What is needed >>
Write out the data below exactly as given, without any of its pictures.

═════ Source data

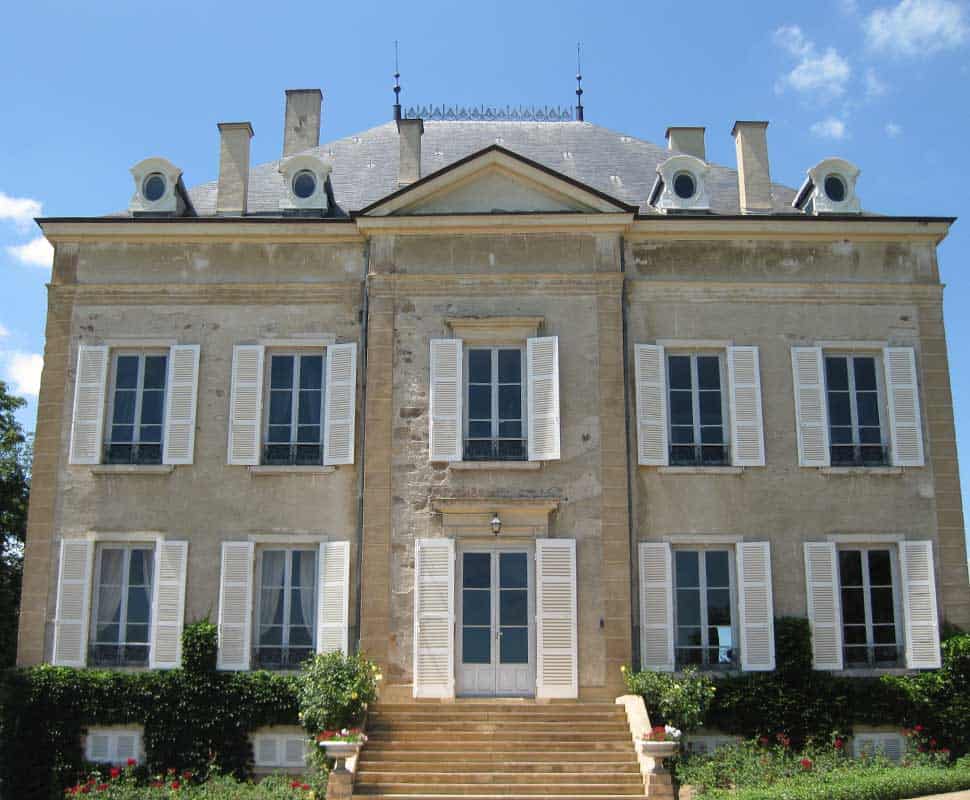 Les Domaines et Châteaux chez Dubœuf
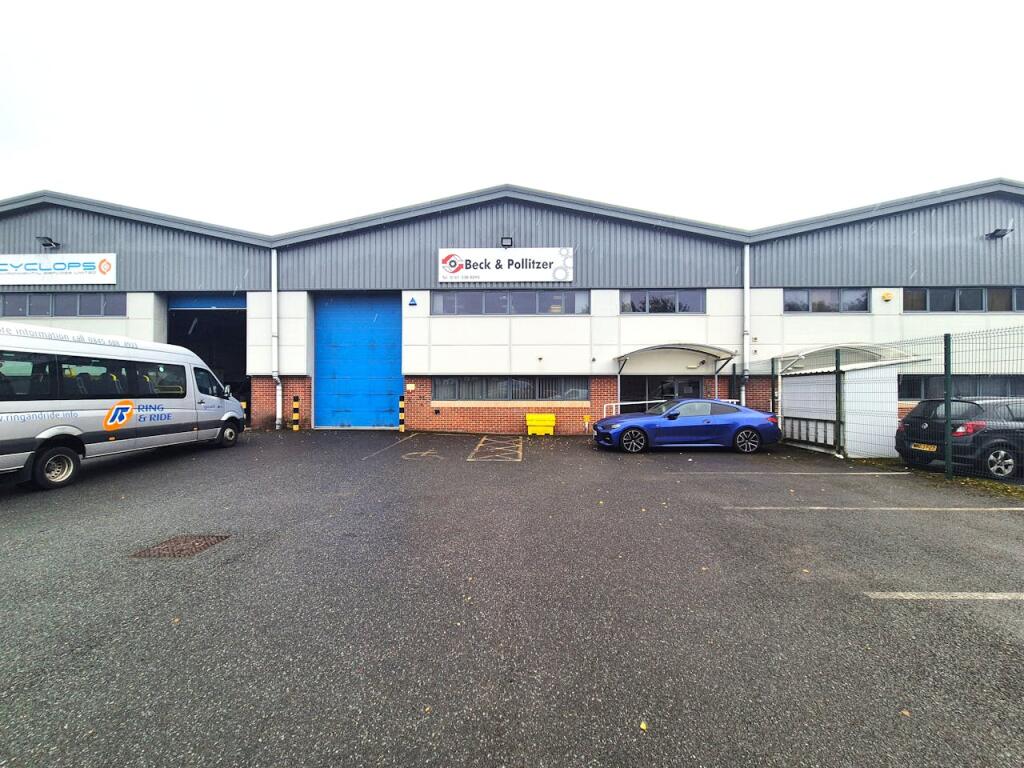 Main image of property: Unit D2, Meadowbank Business Park, Tweedle Way, Oldham, OL9 8EH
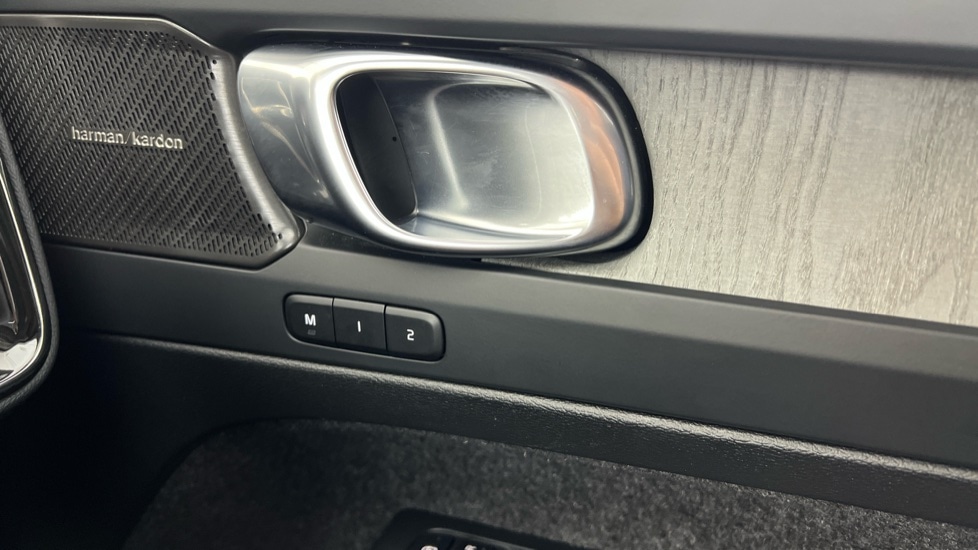 Used Volvo XC40 2025 for sale - 78128939: Photo 53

══════════

Result of the task >>
 Les Domaines et Châteaux chez Dubœuf
 Main image of property: Unit D2, Meadowbank Business Park, Tweedle Way, Oldham, OL9 8EH
 Used Volvo XC40 2025 for sale - 78128939: Photo 53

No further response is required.